The press is bad
I began making a small utility that should meet the following requirements:
- periodically, maybe twice a day, it should visit a couple of the most popular Serbian news sites and just take a snapshot of the front page, and maybe of the politics section
- the generated images (in PNG format) should be uploaded to Clodinary and thus receive a unique url
- a simple MongoDB collection should be used to gather the basic data: the name of the site, the time the screenshot was taken and the url of the Cloudinary image
- a very bare-bones express app should query the MongoDB collection and retrieve the links, serving them on a free Heroku dynamo
- everything should be covered by test (mocha, chai etc)

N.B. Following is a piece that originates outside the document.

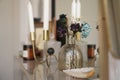 Home interior decor. Glass jar with dried flowers, vase and candle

It is quite simple, actually. I wanted to make a simple visual collection representing the horror of the serbian daily newspapers and tabloids and, on the other hand, I want to get my feet wet with the node ecosystem.
I started with a horrid oldschool setup where I would actually save the screenshot to a png file on the server, then upload it and finally delete (manually) the image. After a bit of searching the cloudinary docs and googling, I found this interesting setup. Ire Aderinokun basically uses the buffer to avoid writing and deleting images, so I modified my initial approach.
I am still getting used to this async/await world of promises, rejections and sad puns. JS is a different beast compared to python and, hard as it seems, I really feel like it is broadening my horizons. Hooking the system with a MongoDB instance was pretty easy with mongoose, although I have to check why my script (it’s still just a standalone script, no server!) hangs when it finishes. Anyway, the screenshot urls are being stacked in mongo, and building a simple express app around it shouldn’t be difficult. I plan to deploy it on Heroku, make a small css wrapper with Bulma and… that would be it for the time being. The list of pages/sites will remain hardcoded, although it would be trivial to add a list of links to the mongo instance.
Btw, I’m calling it TraShot - because, y’know, it takes shots at trash… Like, real trash.
Ok, the timeout - Puppeteer waiting time has to be longer as per this site.